De la rue Bouteille à Mâcon (26-28 mai 1943)

Gérard Chauvy signale comment les événements ensuite s’enchaînent. À dater du 7 mai, Multon (agent retourné du mouvement « Combat ») connaît l’existence de certaines boîtes aux lettres à Lyon, dont celle de la résistance Fer, située au 14 rue Bouteille. Moog installe de nouveau Edmée Deletraz dans la souricière et il arrête la propriétaire Me Dumoulin ainsi que Marie Raynoard[1], le 25 mai.

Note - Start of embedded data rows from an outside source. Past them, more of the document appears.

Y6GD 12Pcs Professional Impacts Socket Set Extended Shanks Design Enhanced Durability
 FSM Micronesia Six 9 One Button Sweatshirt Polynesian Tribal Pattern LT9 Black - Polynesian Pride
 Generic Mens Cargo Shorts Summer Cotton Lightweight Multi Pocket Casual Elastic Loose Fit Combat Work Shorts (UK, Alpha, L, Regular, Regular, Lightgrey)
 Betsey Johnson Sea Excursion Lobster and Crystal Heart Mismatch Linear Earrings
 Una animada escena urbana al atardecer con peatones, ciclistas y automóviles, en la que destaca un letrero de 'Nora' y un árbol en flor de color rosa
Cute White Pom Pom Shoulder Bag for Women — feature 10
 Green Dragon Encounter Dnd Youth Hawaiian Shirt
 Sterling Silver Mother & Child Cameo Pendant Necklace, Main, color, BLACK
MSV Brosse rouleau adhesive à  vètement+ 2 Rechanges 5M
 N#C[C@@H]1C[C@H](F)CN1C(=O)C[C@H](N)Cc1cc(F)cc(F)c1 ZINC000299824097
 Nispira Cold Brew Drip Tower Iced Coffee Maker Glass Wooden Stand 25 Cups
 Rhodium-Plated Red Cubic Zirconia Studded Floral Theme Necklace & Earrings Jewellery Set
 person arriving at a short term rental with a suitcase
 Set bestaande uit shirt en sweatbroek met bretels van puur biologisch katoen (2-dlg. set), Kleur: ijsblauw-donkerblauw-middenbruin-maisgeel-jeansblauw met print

C’est à cette même adresse que Moog apprend, par message non codé, qu’un rendez-vous doit avoir lieu à Paris entre le général Delestraint, chef de l’armée secrète et René Hardy (chef national région sud Sabotage Fer). Le message a été rédigé par Henri Aubry. Ce dernier sait que la boîte aux lettres de la rue Bouteille a été mise sous surveillance mais il ne donne pas l’alerte. Pire, poursuit G. Chauvy, il a placé à ses côtés un certain « André » qui fait office d’inspecteur national de l’Armée secrète à Toulouse. Il peut s’agir évidemment de Moog qui a réussi à s’infiltrer[2].

En attendant le rendez-vous de juin entre Delestraint et Hardy à Paris, Moog a du pain sur la planche.

À Marseille, le résistant Jean Multon[3] avait intégré le mouvement Combat et il était devenu le bras droit de Maurice Chevance, responsable régional. Arrêté le 28 avril 1943 par la Gestapo, Multon verse dans l’autre bord en donnant premièrement son chef, Maurice Chevance. Trop grillé à Marseille où toute la résistance le connaît, il est envoyé à Lyon auprès de Barbie le 24 mai. Dès lors, c’est avec Moog qu’il travaille. Avec l’aide de Multon alias « Lunel », Moog cherche à arrêter Henri Frenay le 28 mai 1943 à Mâcon où doit se tenir une importante réunion en présence de : Berty Albrecht, Morel (Chef départemental du NAP), René Cerf-Ferrière, Marcel Peck « Battesti », Henri Guillermin « Pacha », Bénouville et Jacques Baumel. Multon sait, de la bouche même de Berty Albrecht (secrétaire d’Henry Frenay), où se trouve la boîte aux lettres de « Combat » à Mâcon : hôtel de Bourgogne. Barbie veut Henri Frenay. B. Albrecht alias « Victoire » sera son appât.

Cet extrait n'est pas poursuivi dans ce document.